Thursday, July 26, 2007

The Middle Class and Offshoring

Re: Into thin Air, Fast Company, April 2004
America’ Middle Class has traditionally been composed of higher paying manufacturing (blue Collar) workers, white collar (service) workers, and professionals. Manufacturing is rapidly exiting the Country and as the article so explicitly describes, so are service jobs and eventually many professional jobs as well. Those who have lost their jobs are finding their future downwardly mobile as they find positions paying half or less their previous employment; record bankruptcies and foreclosures tell their story of survival on a day-to-day basis. Those who still have their jobs find unrelenting downward pressures on both wages and benefits. The net result in the not-so-distant future is the disappearance of the American Middle Class. The extinction of this class that has been the glue of the American social fabric for over two centuries does not bode well for this country. The effect of globalization and multinationals with no country loyalty (IBM can no longer be considered an American firm but a global one who seeks global advantages no matter what cost to any nation state) is the lowering of global wages to the least common denominator (As India will soon learn to its amazement when ‘higher-paying’ Indian jobs start moving to Filipinos and Indonesians who will work for half to third). As for globalization, beware of what you asked for, you just might get it, and we did!

Paul Herbig
Angola, Indiana



Re: Into thin Air, Fast Company, April 2004
I wept as I read the personal stories of those who have lost their jobs to offshoring. What a waste of human resources. We tell our youth “Get a college Education in a good field and you will get a great job”. They do and the result is throw-away workers, discarded and forgotten. No safety net exists for them and as they exhaust their savings and retirement funds, they scurry around looking for work, any work. Economists and global trade proponents say they need to be retrained and educated further. But these disposable workers said, almost to the person and correctly so, “In What? What should I train for that will still be here when I graduate?” And we do not have an answer for them.. What should they do? Be a retail clerk at Walmart without benefits? An health care nursing assistant making minimum wage? So goes the Baby Boomers, the most educated generation in the world, little good it did them.

Paul Herbig
Angola, Indiana


Re: Into thin Air, Fast Company, April 2004
The Information Technology (IT) industry in the U.S. has begun an inevitable death spiral. Offshoring and high unemployment in the field has caused wages to drop dramatically. They will continue until an equilibrium with overseas counterparts has been reached (probably in low 40s).
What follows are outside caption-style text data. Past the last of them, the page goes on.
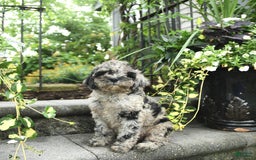 Cavapoo dogs for sale: Rosie - Image 2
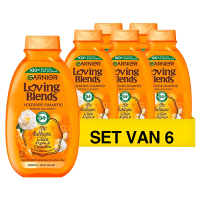 Garnier Aanbieding: Garnier Shampoo Loving Blends - Argan & Cameliaolie (6 flessen - 300ml)  SGA02023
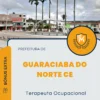 Apostila Terapeuta Ocupacional Prefeitura de Guaraciaba do Norte CE 2024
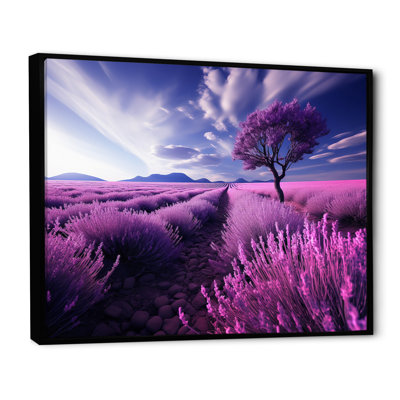 France Lavender Fields Symphony - impression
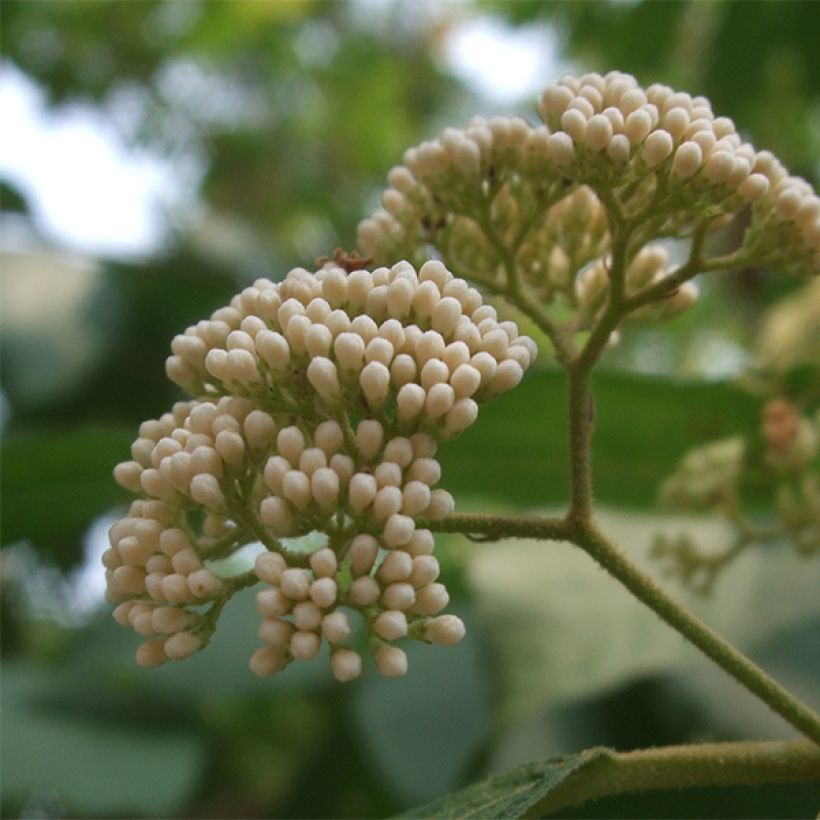 Mustehelmimarja Leucocarpa (Kukinta)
The best and brightest of our youth will see this tumble and correctly calculate the industry holds no future for them and they will go elsewhere (The number of Computer Science majors have fallen annually over the last 3 years and will continue to drop). One day the multinationals will look around and comment with delayed justification, “See. We can’t find enough good IT workers. Not enough American students are entering this field so we have no choice but to bring in foreign workers and offshore these jobs.”. And so the vicious circle has claimed yet another American industry.

1 comment:

Citizen Carrie said...

Paul, where have you been all my life? I've started reading your blog posts - so far I'm agreeing with you 100%, particularly in regards to the "labor shortage myth." I've bookmarked this site and look forward to reading some more of your entries.